This approach enhances the reliability, security, and observability of modern distributed systems. Other popular service mesh implementations include Istio and Linkerd.

AWS App Mesh, in conjunction with Amazon ECS, offers a robust platform for deploying microservices architectures that are well-suited for real-time data processing.

While App Mesh offers features like service discovery, traffic management, and observability, its inherent ability to handle failures through retry policies is crucial for ensuring data integrity and system reliability.

Importance of Retry Strategies

In real-time data processing, failures are inevitable due to network issues, service disruptions, or transient errors.

Therefore, implementing effective retry strategies becomes crucial. Here are some key aspects to consider:

Determining Retry Attempts: Deciding the number of retry attempts depends on factors like the criticality of the data, the likelihood of transient failures, and the impact on downstream processes. It's essential to find a balance between ensuring data delivery and avoiding endless retries, which could lead to resource exhaustion.
Exponential Backoff: Adopting exponential backoff strategies can prevent overwhelming downstream systems during high-load scenarios. Gradually increasing the time between retry attempts reduces the likelihood of further failures.
Dead Letter Queues (DLQ): Implementing DLQs allows you to capture failed messages for further analysis and manual intervention. It's crucial to set up robust monitoring and alerting mechanisms to promptly address issues identified in the DLQ.

Testing App Mesh Retry Policy

Let's put the App Mesh retry policy to the test by simulating failure scenarios in a real-time data processing pipeline.

We'll set up two services: a Data Ingestion service and a Data Processing service using Terraform.

Data Ingestion Service: This service receives data from external sources and forwards it to the processing pipeline.
Data Processing Service: This service analyzes incoming data in real-time, performing tasks such as anomaly detection or aggregation.

Architecture Overview

Terraform Configuration

We'll use Terraform to define the infrastructure for the Data Ingestion service and Data Processing service, along with the App Mesh configuration.

We will omit the full Terraform configuration for brevity, but here's a high-level overview of the key components:

App Mesh

Let's start with the core components of the app mesh.

Service Mesh: The logical boundary for the services that make up the app mesh itself.

resource "aws_appmesh_mesh" "app-mesh" {
  name = "${var.env}-${var.project}-app-mesh"

  spec {
    egress_filter {
      type = "DROP_ALL" # Allow only egress from virtual nodes to other resources within the mesh
    }
  }
}

Virtual Service: Abstract representation of the Data Ingestion service and the Data Processing service running in the mesh.

# data-processing virtual service
resource "aws_appmesh_virtual_service" "data-processing-service" {
  name      = "${local.services.data-processing}.${var.env}.${var.internal_domain}"
  mesh_name = aws_appmesh_mesh.app-mesh.id

  spec {
    provider {
      virtual_router {
        virtual_router_name = aws_appmesh_virtual_router.data-processing-service.name
      }
    }
  }
}

# data-ingestion virtual service
# ...

The virtual router is responsible for handling traffic for the virtual service.
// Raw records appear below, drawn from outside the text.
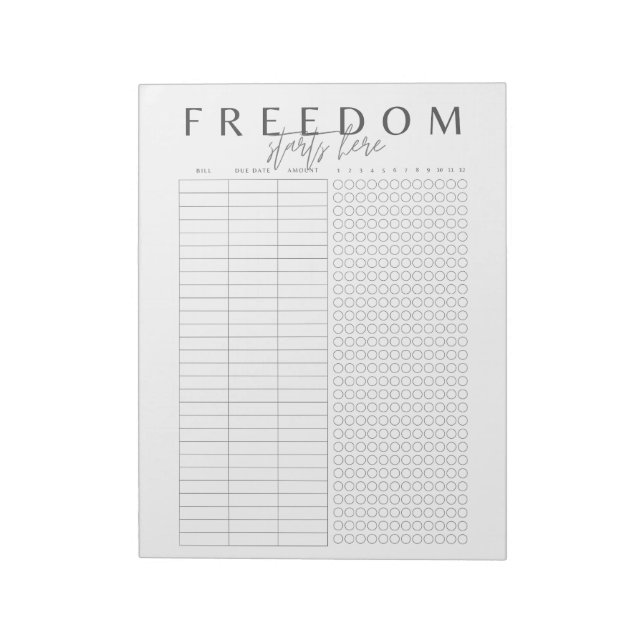 Bloco De Notas A Liberdade Começa Aqui | Simples Elegante Minimal (Invertido)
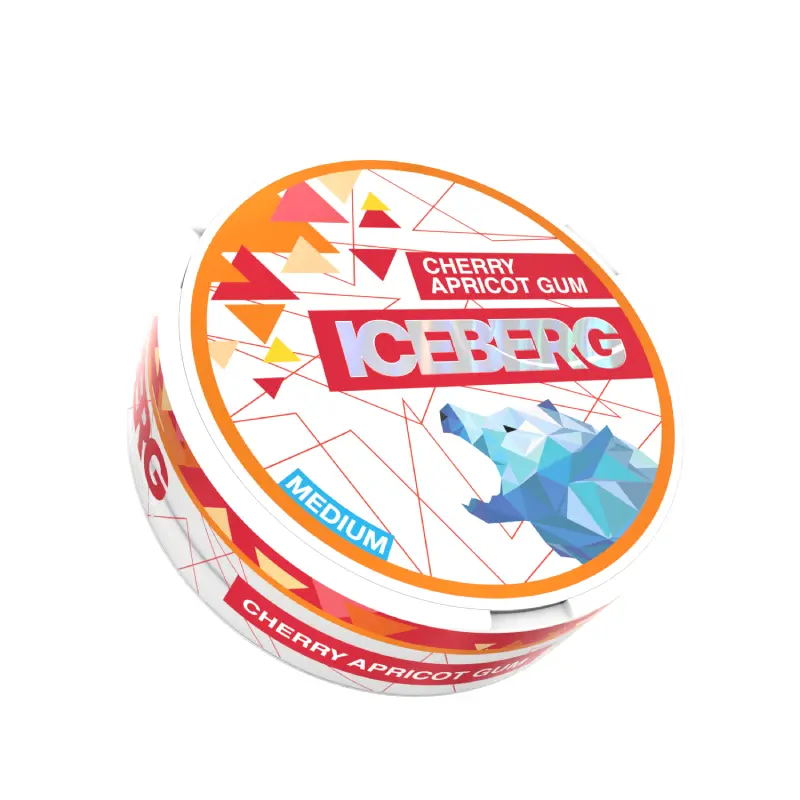  Cherry Apricot Gum Nicotine Pouches Light by Ice Berg 20mg/g 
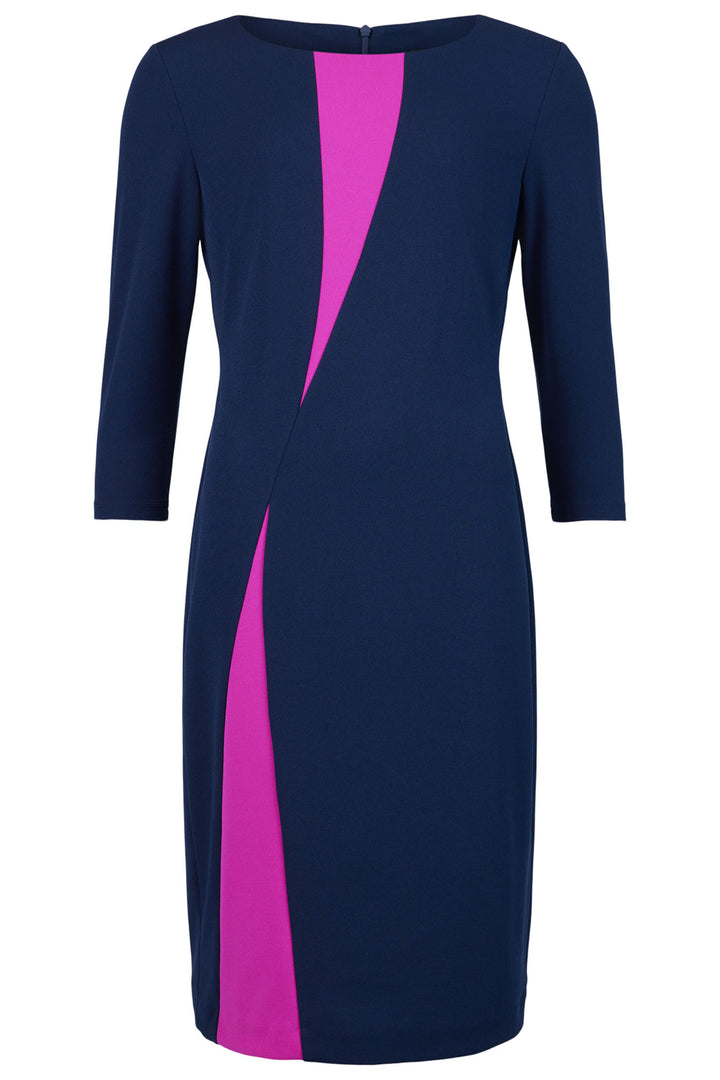 Tia 78822 7341 5569 Navy Pink Wave Wide Neck Shift Dress - Rouge Boutique Inverness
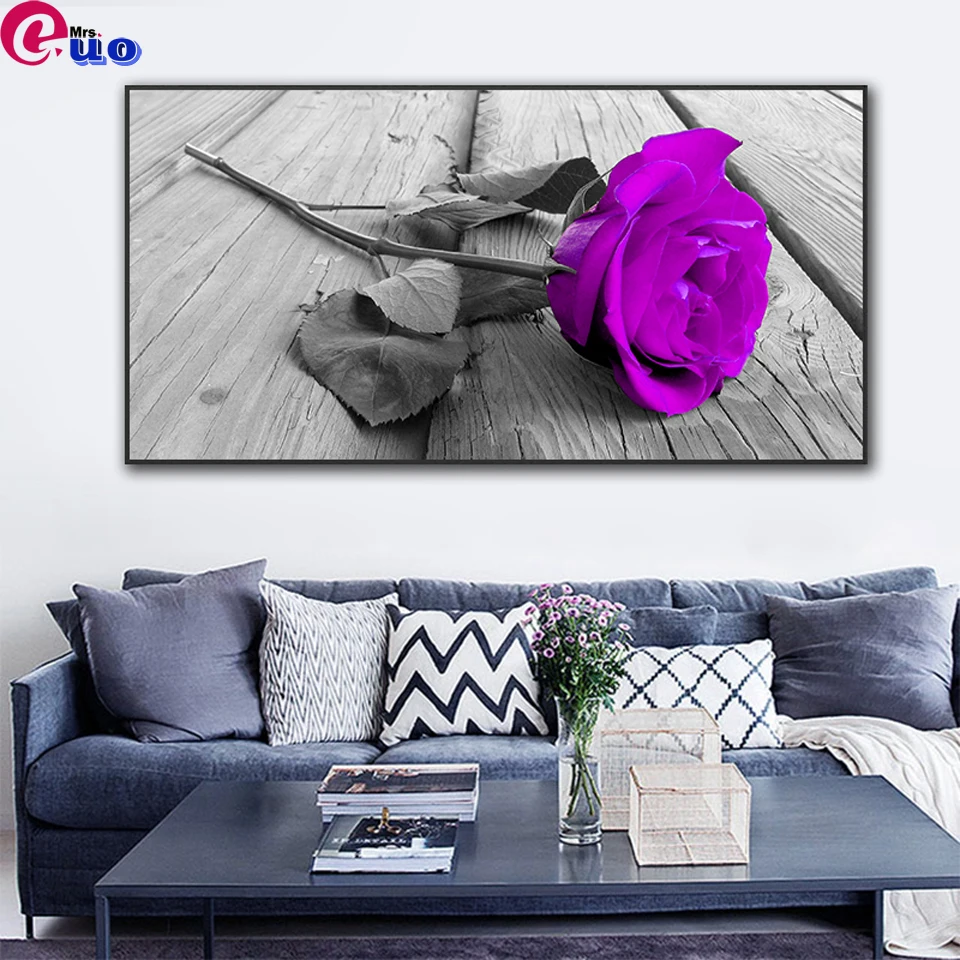 

Алмазная живопись 5D «цветы, фиолетовая Роза», большие квадратные/круглые алмазные вышивки, вышивка крестиком, домашний декор, подарок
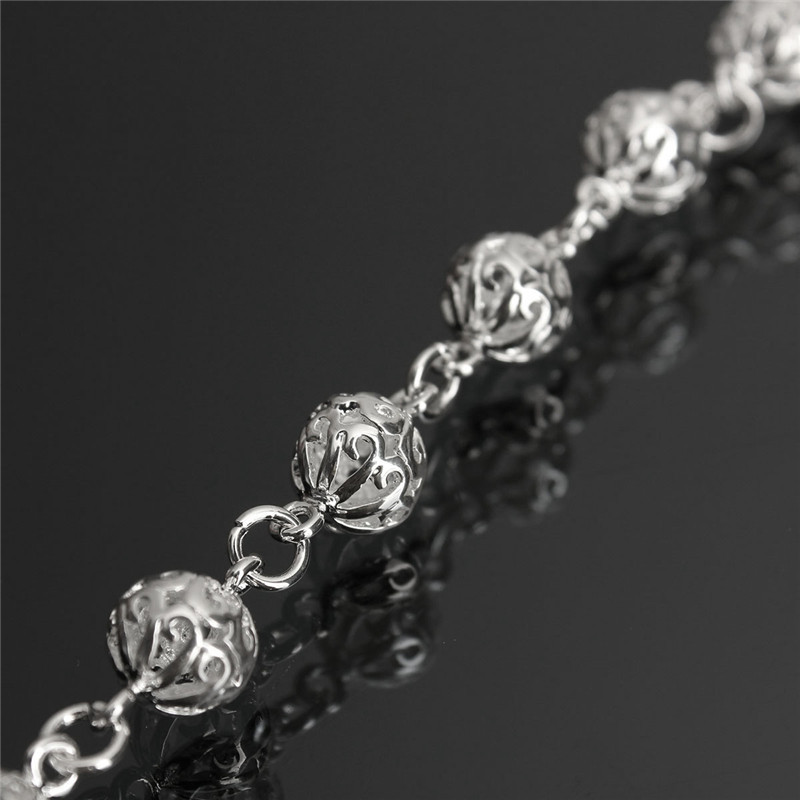 new stylish 2015 fashion jewelry silver hollow out lucky beads chain bracelet bangle gift for women girl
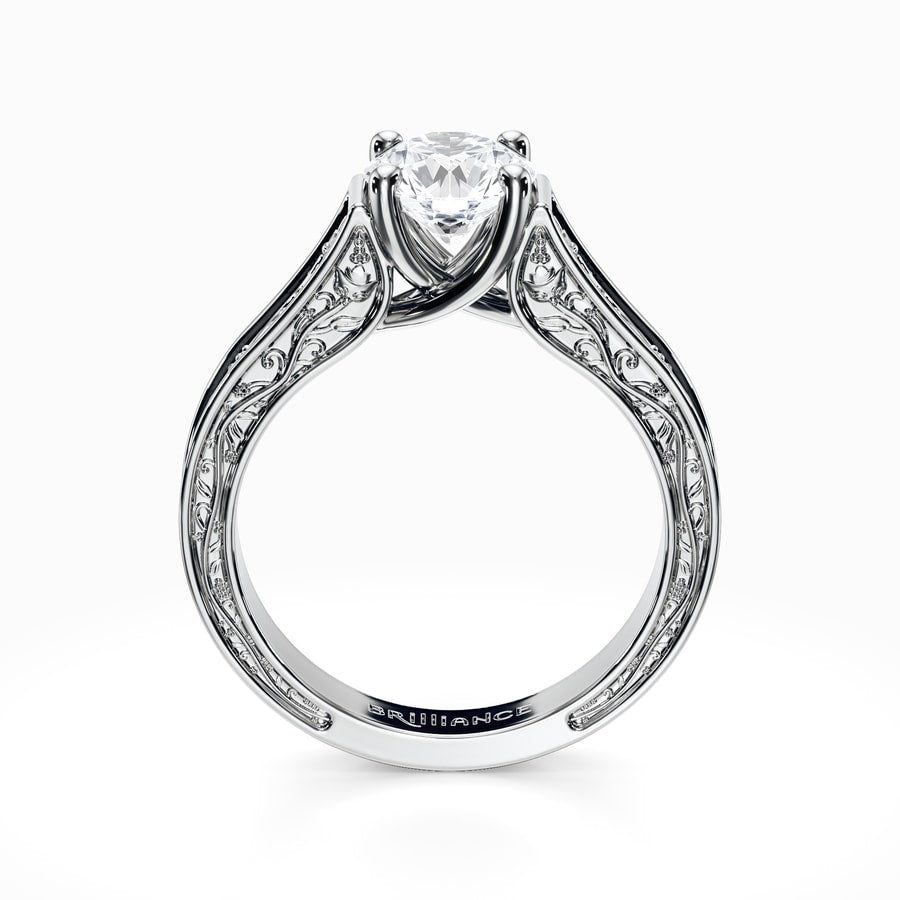 Antique Solitaire Engagement Ring in White Gold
It is defined later in the configuration with routing rules and retry policies for the virtual service.

Virtual Node: Concrete implementations behind the abstracted virtual services. Each virtual node points to a specific ECS service, where actual code runs.

# data-ingestion virtual node
resource "aws_appmesh_virtual_node" "data-ingestion-service" {
  name      = "${var.env}-${var.project}-data-ingestion-service"
  mesh_name = aws_appmesh_mesh.app-mesh.id

  spec {
    backend {
      virtual_service {
        virtual_service_name = aws_appmesh_virtual_service.data-processing-service.name
      }
    }

    listener {
      port_mapping {
        port     = var.ecs_services["data-ingestion"].app_port
        protocol = "http"
      }

      timeout {
        http {
          per_request {
            value = var.ecs_services["data-ingestion"].app_mesh_timeout.value
            unit  = var.ecs_services["data-ingestion"].app_mesh_timeout.unit
          }
        }
      }
    }

    service_discovery {
      aws_cloud_map {
        service_name   = aws_appmesh_virtual_service.data-processing-service.name
        namespace_name = aws_service_discovery_private_dns_namespace.internal.name
      }
    }

    logging {
      access_log {
        file {
          path = "/dev/stdout"
        }
      }
    }
  }
}


# data-processing virtual node
# ...

In this example, we have defined the virtual nodes for the Data Processing service and the Data Ingestion service.

In the Data Ingestion virtual node, we have defined the Data Processing virtual service as the backend to which the virtual node is expected to send outbound traffic.

We have specified the listener for the virtual nodes, which defines the port and protocol for incoming traffic.

We have also specified the service discovery mechanism for the virtual node, which in this case is AWS Cloud Map.

Route: Specifies how traffic flows between services. You can define routing rules based on various criteria like service name, attributes, or weighted distribution.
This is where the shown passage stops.